医師数増加の背景
厚生労働省は2020年末時点の医師・歯科医師・薬剤師統計を発表しました。この統計によれば、医師数は33万9623人と、過去最多を更新したということです。
過去40年で、国内における医師の数は2倍以上に増えたことも指摘されています。
この増加の背景には、医学部の定員が増えたことや、高齢の現役医師が増えていることが挙げられます。なお、女性医師も7万7546人と最多更新となっています。全体に占める割合も22.8%で、男女比を考えると8:2となり過去最高でした。
求人と医師不足
ところが、医師の求人自体は多く、医師不足が問題視されている現状があります。外来診療の求人情報が多いのが特徴です。とくに地方では、外来の医師不足が深刻化しています。多くの医師は都市部に集中し、地方での医師不足を招いているためです。都市部のほうが、質の高い最新の医療設備やキャリア形成に必要な環境が整っていることが要因と考えられます。
医師不足の要因
外来の医師が不足する要因には、日本では患者様が受診する医療機関を自由に選択できるフリーアクセスをとっていることも挙げられます。これに加えて、多くの医師が大学病院志向であることから、総合病院などにおいて医師数に対する患者数が多くなりすぎることも原因のひとつです。

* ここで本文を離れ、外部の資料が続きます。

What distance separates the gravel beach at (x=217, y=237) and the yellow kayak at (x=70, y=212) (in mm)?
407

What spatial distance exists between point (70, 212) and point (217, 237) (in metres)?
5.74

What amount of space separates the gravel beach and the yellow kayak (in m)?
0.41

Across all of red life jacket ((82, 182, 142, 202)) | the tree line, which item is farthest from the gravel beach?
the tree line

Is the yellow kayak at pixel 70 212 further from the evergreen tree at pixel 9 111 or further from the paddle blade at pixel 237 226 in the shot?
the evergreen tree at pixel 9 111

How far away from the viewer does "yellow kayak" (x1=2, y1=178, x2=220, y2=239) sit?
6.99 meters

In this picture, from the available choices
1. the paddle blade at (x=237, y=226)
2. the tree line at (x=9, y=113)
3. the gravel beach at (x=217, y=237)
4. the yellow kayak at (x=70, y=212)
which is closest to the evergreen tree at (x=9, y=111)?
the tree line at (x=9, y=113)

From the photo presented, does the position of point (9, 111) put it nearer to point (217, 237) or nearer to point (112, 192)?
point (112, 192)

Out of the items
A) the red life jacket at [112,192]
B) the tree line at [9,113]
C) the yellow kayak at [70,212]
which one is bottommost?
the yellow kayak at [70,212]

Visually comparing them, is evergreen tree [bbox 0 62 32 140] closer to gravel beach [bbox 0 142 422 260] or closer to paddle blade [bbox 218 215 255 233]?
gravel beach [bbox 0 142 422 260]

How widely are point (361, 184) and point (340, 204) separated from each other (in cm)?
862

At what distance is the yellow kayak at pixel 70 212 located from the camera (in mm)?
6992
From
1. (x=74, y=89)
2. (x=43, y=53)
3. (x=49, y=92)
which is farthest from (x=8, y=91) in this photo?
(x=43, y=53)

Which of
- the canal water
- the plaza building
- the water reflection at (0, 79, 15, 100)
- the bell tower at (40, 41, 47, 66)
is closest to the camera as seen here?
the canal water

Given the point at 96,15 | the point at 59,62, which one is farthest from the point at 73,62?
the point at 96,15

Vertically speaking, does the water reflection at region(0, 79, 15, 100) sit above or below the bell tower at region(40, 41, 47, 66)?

そのほか、受診科目によっても医師数に偏りが見られます。
長時間勤務や変則的な勤務など労働環境が悪い、あるいは訴訟に発展しやすい診療科では医師不足が深刻です。主なものとしては、外科や小児科、救命救急などが挙げられます。さらに、若い医師は、「3ない科」と称される「癌がない」・「当直がない」・「救急がない」が揃った環境での勤務を望む人が多く、偏りが生じています。
このようなさまざまな背景から、日本では医師の数が増加しているにもかかわらず、医師不足が深刻化しています。とくに外来診療ではそれが顕著であり、超高齢社会の日本では課題解決が急務と考えられます。